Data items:
== Segment start ==
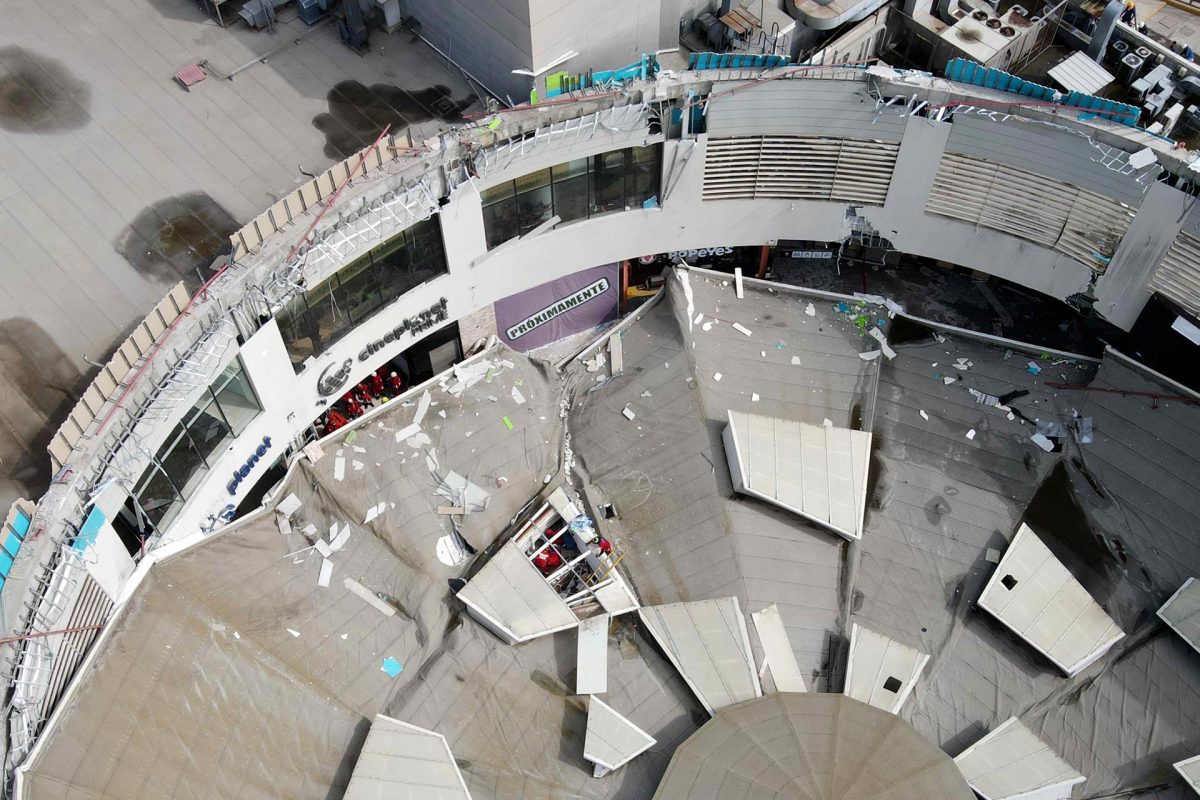 Suben a cuatro los muertos tras desplomarse parte del techo de un centro comercial en Perú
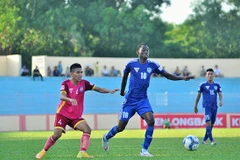 QNK Quảng Nam trút cơn mưa bàn thắng vào lưới Long An 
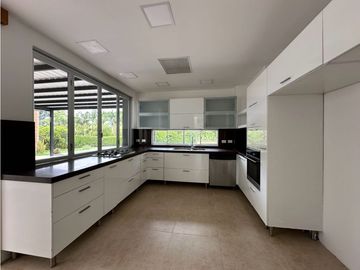 Confort y Naturaleza en Uno: Casa Campestre en Renta Cerritos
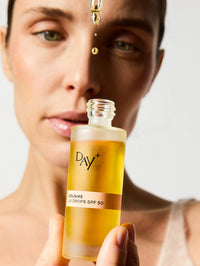 Application du sérum solaire UV Drops SPF 50.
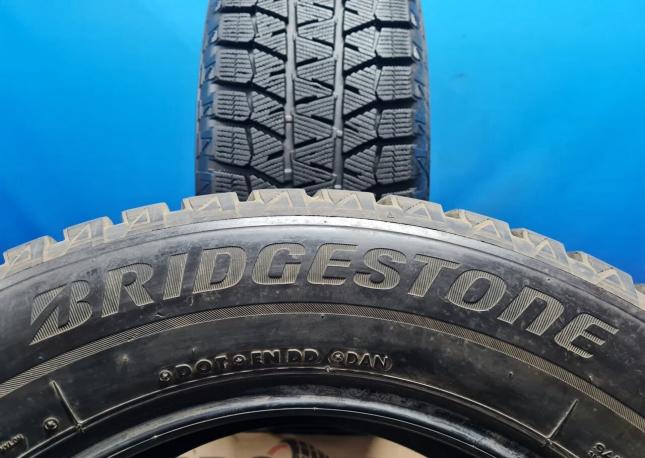 Bridgestone Blizzak WS-80 235/60 R17 102T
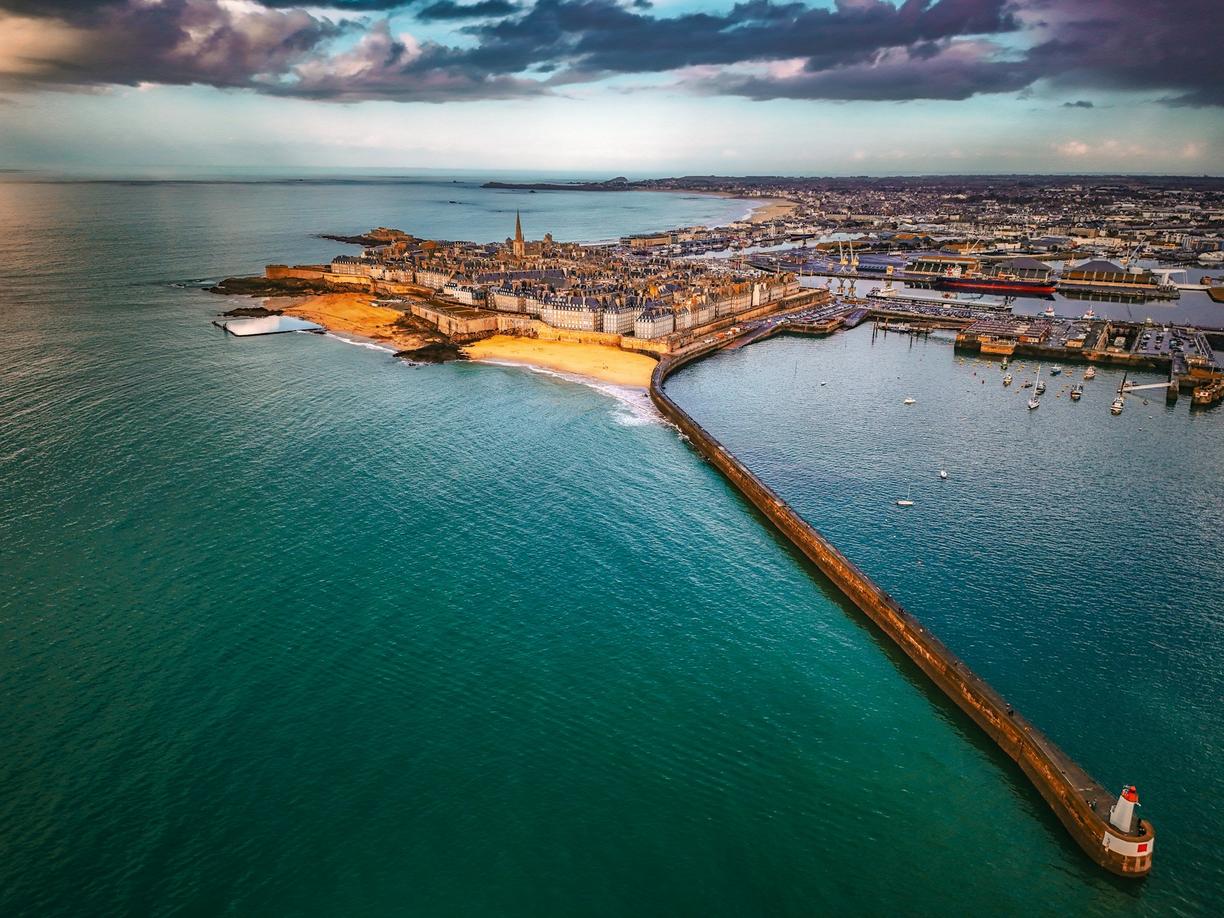 Panorama Saint-Malo z lotu ptaka o zachodzie słońca.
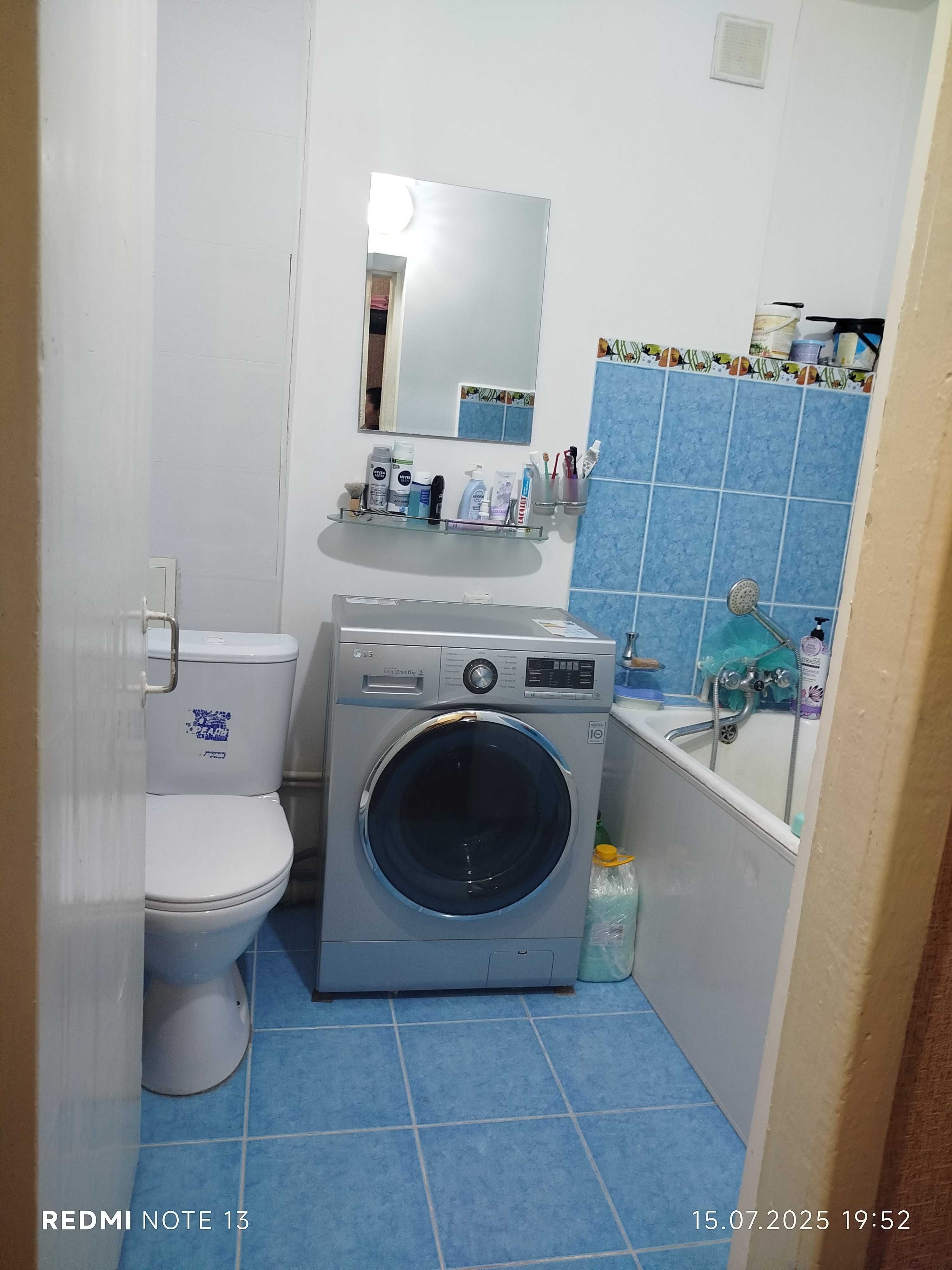 Продаётся квартира 2-х комнатная, 42кв , Таш область, Ахангаран,центр.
== Segment end ==
# [Task prompt]
Copy out all the data above exactly as written. Skip the pictures.

# [Response below]
 Suben a cuatro los muertos tras desplomarse parte del techo de un centro comercial en Perú
 QNK Quảng Nam trút cơn mưa bàn thắng vào lưới Long An 
 Confort y Naturaleza en Uno: Casa Campestre en Renta Cerritos
 Application du sérum solaire UV Drops SPF 50.
 Bridgestone Blizzak WS-80 235/60 R17 102T
 Panorama Saint-Malo z lotu ptaka o zachodzie słońca.
 Продаётся квартира 2-х комнатная, 42кв , Таш область, Ахангаран,центр.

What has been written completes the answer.